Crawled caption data
──────────────────────────────
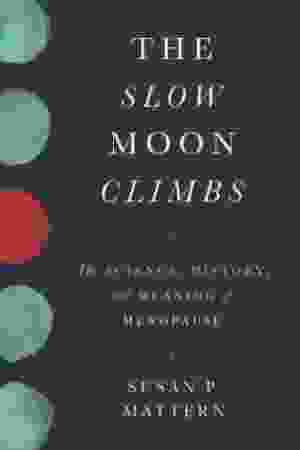 The Slow Moon Climbs: The Science, History, and Meaning of Menopause / Susan P. Mattern, 2019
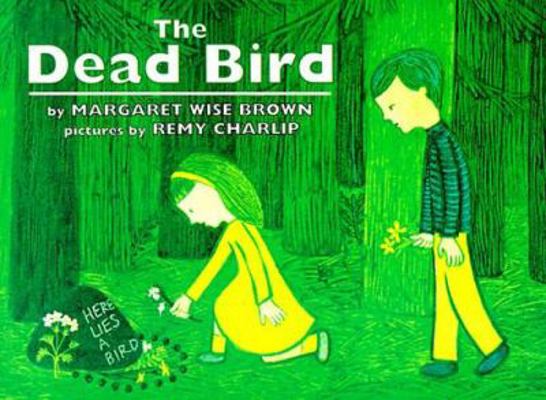 The Dead Bird 0064433269 Book Cover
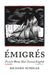Émigrés: French Words That Turned English by Richard Scholar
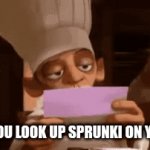 What is kids entertainment these days? | WHEN YOU LOOK UP SPRUNKI ON YOUTUBE | image tagged in gifs,chef | made w/ Imgflip video-to-gif maker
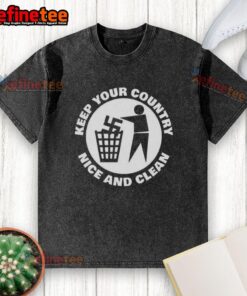 Alt Text: Pretty washed t-shirt with 'Keep Your Country Nice And Clean' slogan, perfect for eco-conscious fashion lovers.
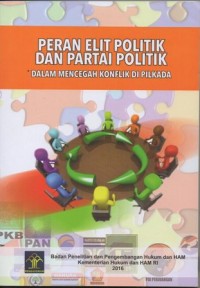 PERAN ELIT POLITIK DAN PARTAI POLITIK DALAM MENCEGAH KONFLIK DI PILKADA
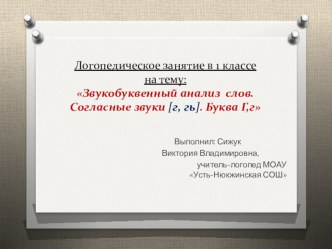 Презентация логопедического занятия на тему Звукобуквенный анализ. Согласные звуки Г, Гь, буква Г (1 класс)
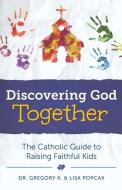 Discovering God Together di Gregory Popcak edito da Sophia Institute Press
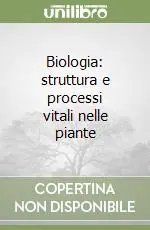 Compra Oggi Stesso Biologia struttura e processi vitali nelle piante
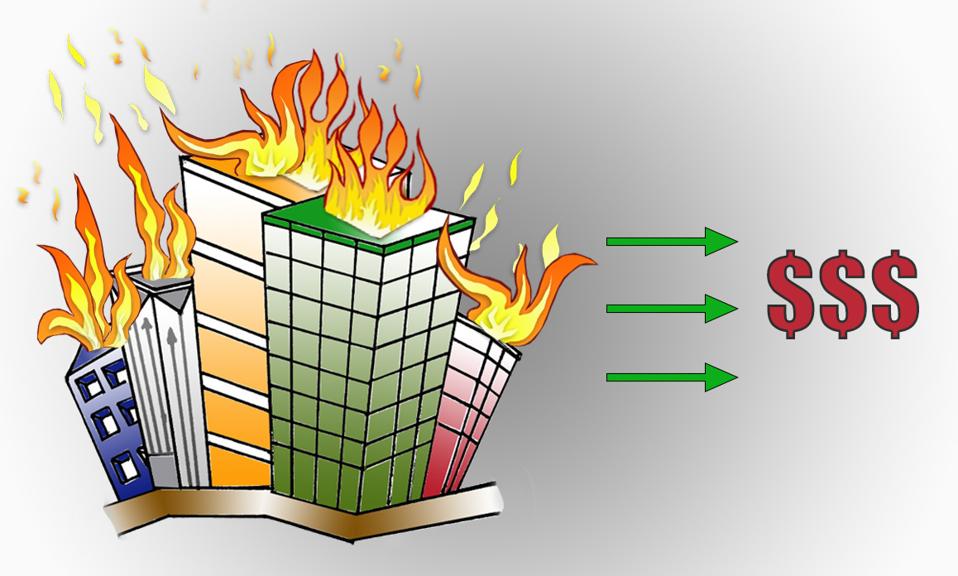 A burning building with dollar signs.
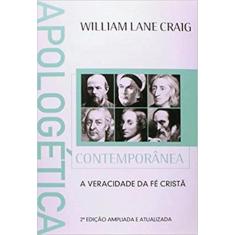 Apologetica Contemporanea - A Veracidade Da Fe Crista - 2ª Ed. - Vida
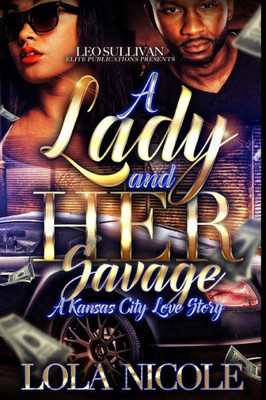 A Lady & Her Savage: A Kansas City Love Story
──────────────────────────────
Look above for the line with "PERAN ELIT POLITIK" and the line with "Compra Oggi Stesso", then restate exactly those two lines and all lines between them, with no pictures.

Output below:
 PERAN ELIT POLITIK DAN PARTAI POLITIK DALAM MENCEGAH KONFLIK DI PILKADA
 Презентация логопедического занятия на тему Звукобуквенный анализ. Согласные звуки Г, Гь, буква Г (1 класс)
 Discovering God Together di Gregory Popcak edito da Sophia Institute Press
 Compra Oggi Stesso Biologia struttura e processi vitali nelle piante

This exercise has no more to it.